◆ **RECORDS SHOWN**:

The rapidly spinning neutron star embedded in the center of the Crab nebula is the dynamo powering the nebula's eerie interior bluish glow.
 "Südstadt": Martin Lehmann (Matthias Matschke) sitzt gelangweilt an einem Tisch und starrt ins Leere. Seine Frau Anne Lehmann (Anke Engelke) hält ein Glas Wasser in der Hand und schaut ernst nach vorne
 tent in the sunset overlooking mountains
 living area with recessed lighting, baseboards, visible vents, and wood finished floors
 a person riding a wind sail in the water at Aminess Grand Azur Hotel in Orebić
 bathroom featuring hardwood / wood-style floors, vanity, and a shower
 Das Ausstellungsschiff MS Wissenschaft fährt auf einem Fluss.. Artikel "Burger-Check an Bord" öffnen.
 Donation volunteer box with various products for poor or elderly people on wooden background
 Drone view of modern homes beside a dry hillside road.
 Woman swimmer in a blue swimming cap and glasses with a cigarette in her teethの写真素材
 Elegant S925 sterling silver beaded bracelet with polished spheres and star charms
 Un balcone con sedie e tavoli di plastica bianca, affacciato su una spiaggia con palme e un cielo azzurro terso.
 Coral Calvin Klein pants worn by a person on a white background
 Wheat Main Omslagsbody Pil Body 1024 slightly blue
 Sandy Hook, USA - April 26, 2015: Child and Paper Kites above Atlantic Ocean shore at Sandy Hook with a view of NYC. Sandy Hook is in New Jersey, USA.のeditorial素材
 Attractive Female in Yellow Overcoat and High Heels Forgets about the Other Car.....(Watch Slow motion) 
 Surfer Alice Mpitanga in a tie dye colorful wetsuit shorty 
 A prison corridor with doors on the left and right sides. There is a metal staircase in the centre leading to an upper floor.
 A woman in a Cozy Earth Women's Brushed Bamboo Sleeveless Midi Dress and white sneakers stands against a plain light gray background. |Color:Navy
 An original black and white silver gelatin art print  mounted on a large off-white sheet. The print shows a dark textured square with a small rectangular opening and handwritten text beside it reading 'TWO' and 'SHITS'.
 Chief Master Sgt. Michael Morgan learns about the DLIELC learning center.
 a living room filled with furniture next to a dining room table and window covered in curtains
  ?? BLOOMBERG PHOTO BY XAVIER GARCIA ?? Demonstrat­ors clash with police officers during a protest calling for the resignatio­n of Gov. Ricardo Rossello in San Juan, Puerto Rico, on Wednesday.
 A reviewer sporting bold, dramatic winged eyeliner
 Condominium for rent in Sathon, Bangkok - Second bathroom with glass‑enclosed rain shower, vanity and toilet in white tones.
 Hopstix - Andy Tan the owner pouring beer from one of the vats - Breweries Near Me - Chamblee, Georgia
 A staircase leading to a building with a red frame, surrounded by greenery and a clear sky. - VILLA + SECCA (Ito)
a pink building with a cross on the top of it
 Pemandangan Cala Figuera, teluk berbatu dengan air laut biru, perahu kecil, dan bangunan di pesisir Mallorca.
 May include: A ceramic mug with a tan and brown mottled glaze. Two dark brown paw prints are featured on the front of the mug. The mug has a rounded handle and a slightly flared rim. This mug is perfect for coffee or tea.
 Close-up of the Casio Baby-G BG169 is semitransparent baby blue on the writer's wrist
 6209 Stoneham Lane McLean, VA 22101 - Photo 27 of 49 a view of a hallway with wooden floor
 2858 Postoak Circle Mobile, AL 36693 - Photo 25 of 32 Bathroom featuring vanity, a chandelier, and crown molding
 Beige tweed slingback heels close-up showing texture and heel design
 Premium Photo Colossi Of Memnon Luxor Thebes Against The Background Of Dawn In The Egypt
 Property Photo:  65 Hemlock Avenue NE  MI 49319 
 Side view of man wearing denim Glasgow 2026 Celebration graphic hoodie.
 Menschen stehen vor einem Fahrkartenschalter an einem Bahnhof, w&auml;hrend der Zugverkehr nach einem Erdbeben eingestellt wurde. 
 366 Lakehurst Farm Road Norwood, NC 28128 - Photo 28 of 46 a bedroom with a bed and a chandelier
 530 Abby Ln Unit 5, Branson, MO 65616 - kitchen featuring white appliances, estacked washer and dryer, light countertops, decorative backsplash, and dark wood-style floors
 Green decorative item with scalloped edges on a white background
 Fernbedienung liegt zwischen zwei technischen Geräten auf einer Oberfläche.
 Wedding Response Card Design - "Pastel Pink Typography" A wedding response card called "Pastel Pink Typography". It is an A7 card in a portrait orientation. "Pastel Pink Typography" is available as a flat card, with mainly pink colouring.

◆ **WHAT IS REQUIRED**: Within the material above, show every line that includes "beside".

◆ **YOUR RESPONSE**:
 Drone view of modern homes beside a dry hillside road.
 An original black and white silver gelatin art print  mounted on a large off-white sheet. The print shows a dark textured square with a small rectangular opening and handwritten text beside it reading 'TWO' and 'SHITS'.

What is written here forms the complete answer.